Task description:
Reproduce everything from the line that contains "ITIL version three" down to the line that contains "I love Quantrix" in the listing below, word for word and nothing more. Leave the pictures out.

Entries provided:

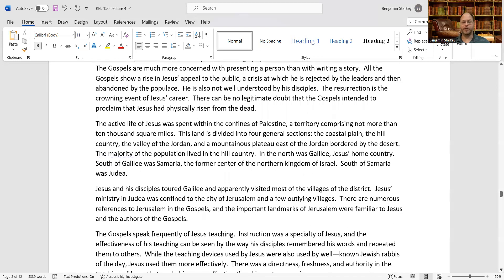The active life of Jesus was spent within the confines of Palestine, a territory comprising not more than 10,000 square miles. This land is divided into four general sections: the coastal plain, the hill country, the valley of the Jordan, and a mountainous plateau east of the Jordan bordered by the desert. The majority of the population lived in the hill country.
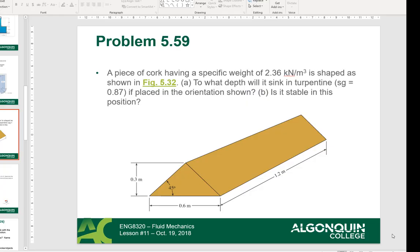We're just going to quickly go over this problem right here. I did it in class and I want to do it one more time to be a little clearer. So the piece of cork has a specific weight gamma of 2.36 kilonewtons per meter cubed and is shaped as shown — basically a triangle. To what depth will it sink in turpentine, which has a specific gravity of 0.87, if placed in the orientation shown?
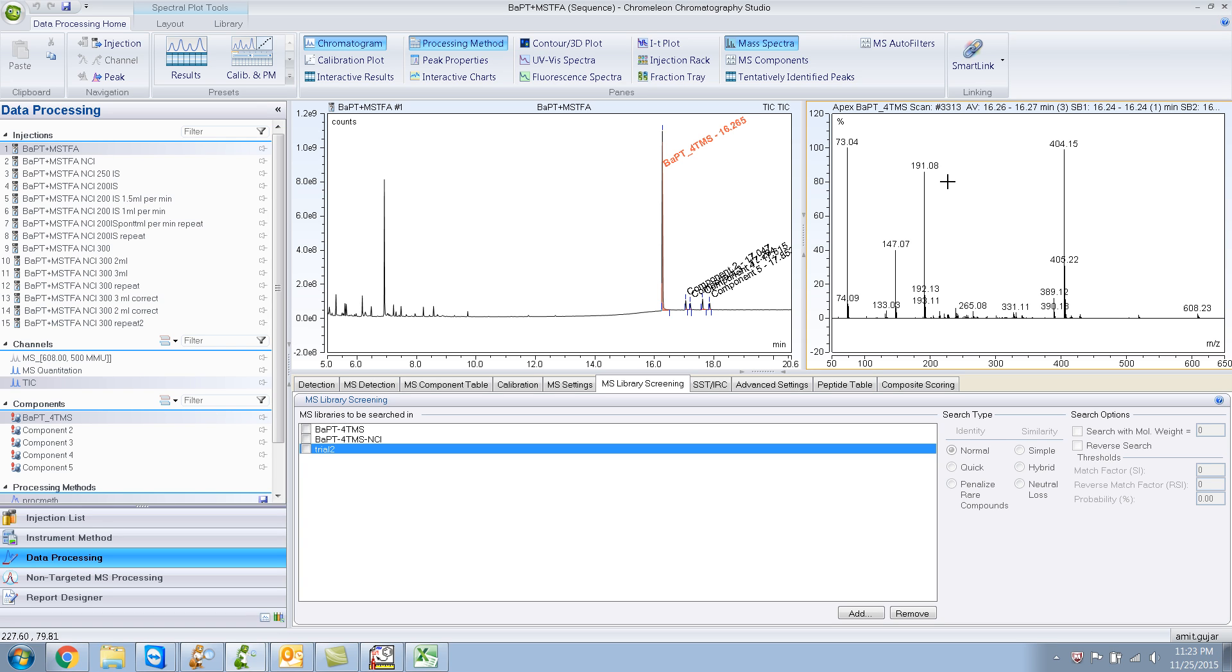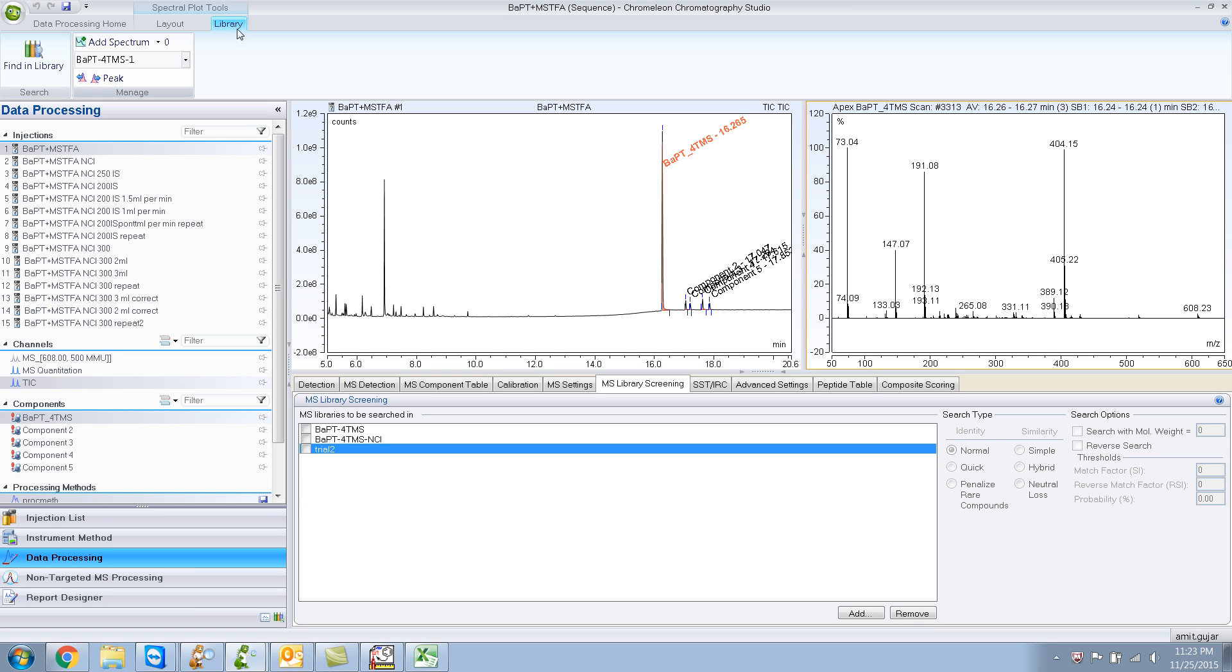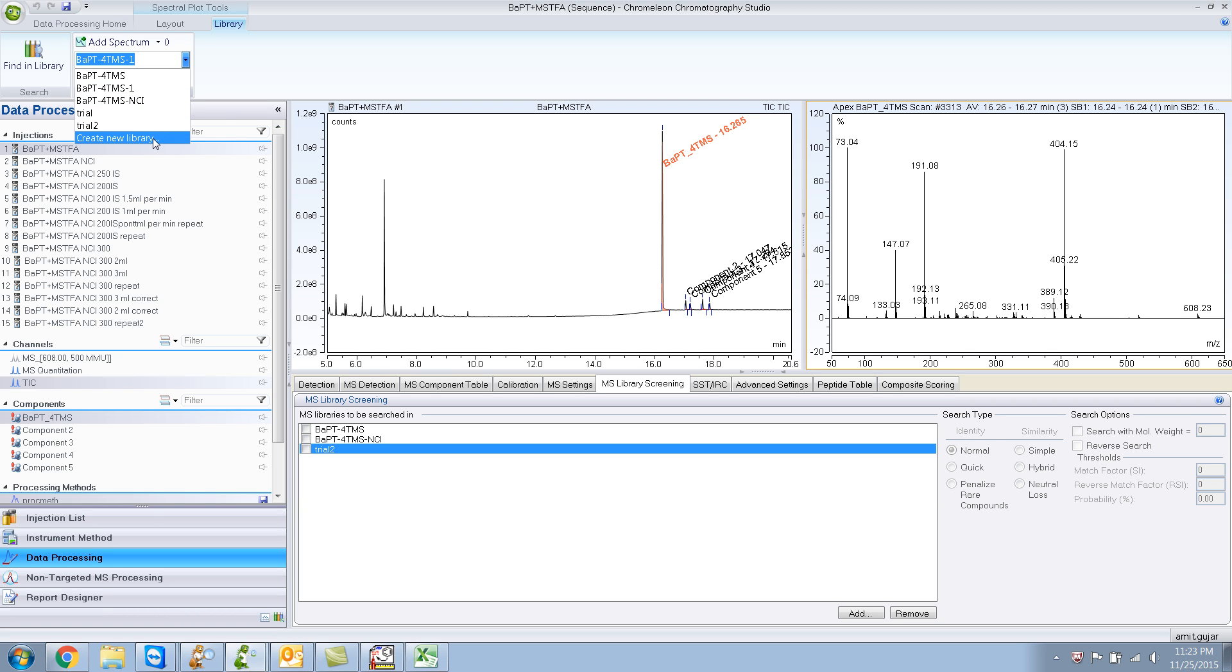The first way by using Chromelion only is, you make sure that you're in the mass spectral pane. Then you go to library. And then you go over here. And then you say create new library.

...

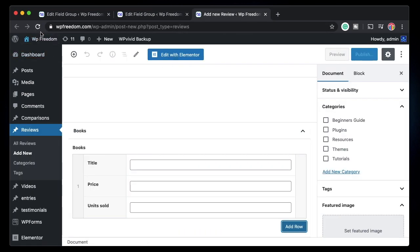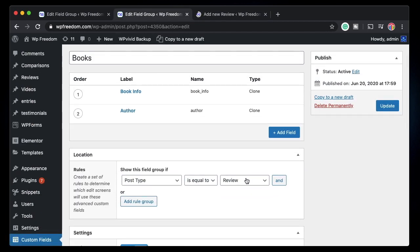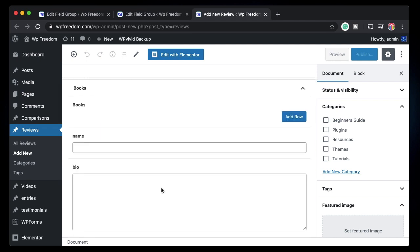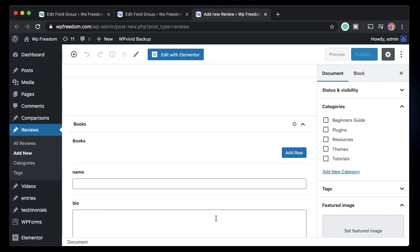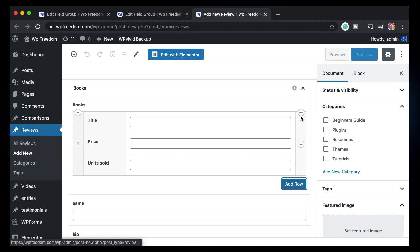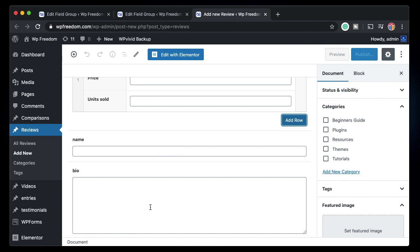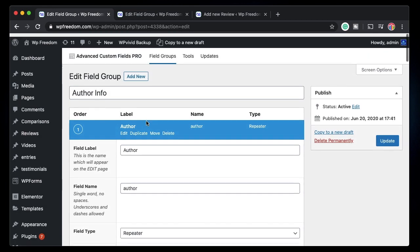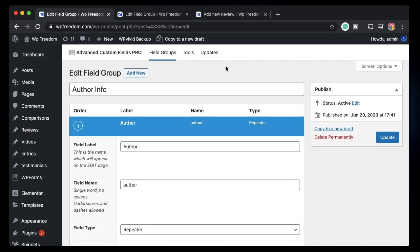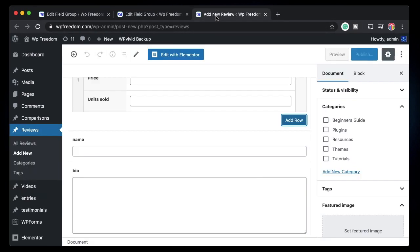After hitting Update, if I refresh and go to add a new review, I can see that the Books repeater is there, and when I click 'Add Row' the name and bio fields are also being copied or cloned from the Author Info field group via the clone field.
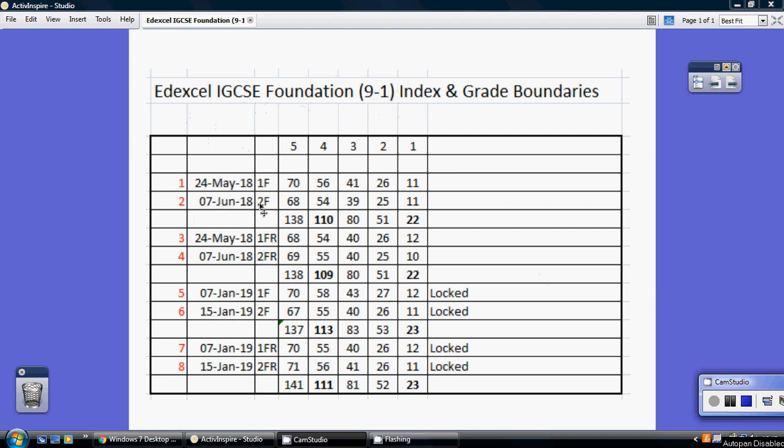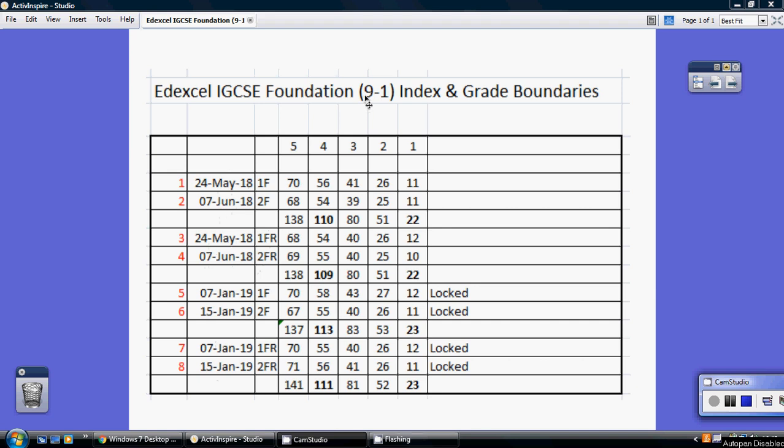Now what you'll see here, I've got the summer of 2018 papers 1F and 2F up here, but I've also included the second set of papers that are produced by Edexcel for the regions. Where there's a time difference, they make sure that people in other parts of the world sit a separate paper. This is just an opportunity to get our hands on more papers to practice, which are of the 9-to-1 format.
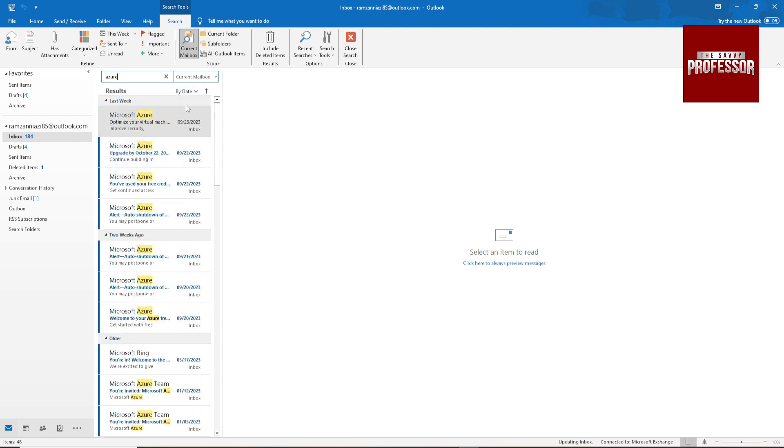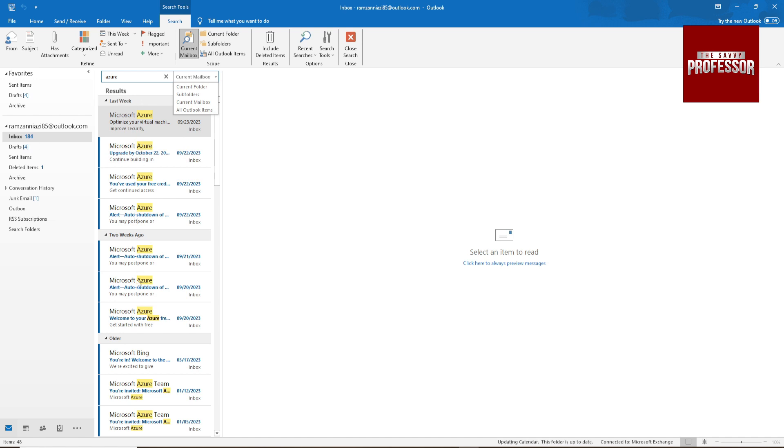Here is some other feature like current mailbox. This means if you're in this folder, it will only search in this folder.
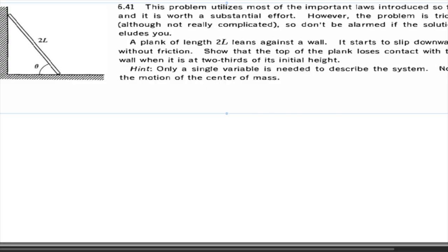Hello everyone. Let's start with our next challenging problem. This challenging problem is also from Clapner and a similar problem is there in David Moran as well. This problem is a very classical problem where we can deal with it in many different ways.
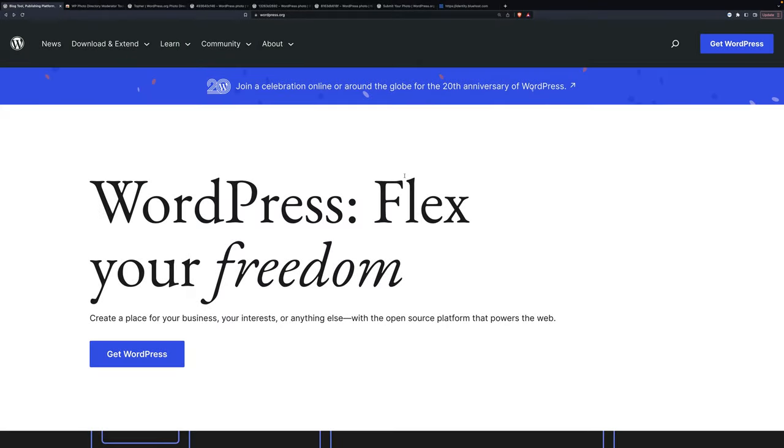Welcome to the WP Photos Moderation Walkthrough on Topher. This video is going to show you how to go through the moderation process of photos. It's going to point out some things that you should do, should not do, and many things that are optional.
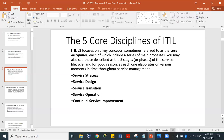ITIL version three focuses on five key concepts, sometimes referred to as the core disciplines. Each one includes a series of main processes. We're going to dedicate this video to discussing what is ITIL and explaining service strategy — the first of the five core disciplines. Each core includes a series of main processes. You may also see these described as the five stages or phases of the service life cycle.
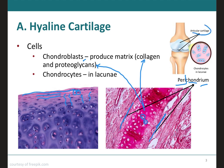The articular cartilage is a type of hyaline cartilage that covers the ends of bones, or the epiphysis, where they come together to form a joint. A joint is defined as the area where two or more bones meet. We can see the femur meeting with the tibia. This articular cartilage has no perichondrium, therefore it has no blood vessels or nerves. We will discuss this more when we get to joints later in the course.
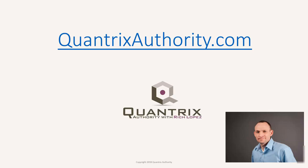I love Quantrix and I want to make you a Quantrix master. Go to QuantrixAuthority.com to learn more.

The answer:
ITIL version three focuses on five key concepts, sometimes referred to as the core disciplines. Each one includes a series of main processes. We're going to dedicate this video to discussing what is ITIL and explaining service strategy — the first of the five core disciplines. Each core includes a series of main processes. You may also see these described as the five stages or phases of the service life cycle.
The articular cartilage is a type of hyaline cartilage that covers the ends of bones, or the epiphysis, where they come together to form a joint. A joint is defined as the area where two or more bones meet. We can see the femur meeting with the tibia. This articular cartilage has no perichondrium, therefore it has no blood vessels or nerves. We will discuss this more when we get to joints later in the course.
I love Quantrix and I want to make you a Quantrix master. Go to QuantrixAuthority.com to learn more.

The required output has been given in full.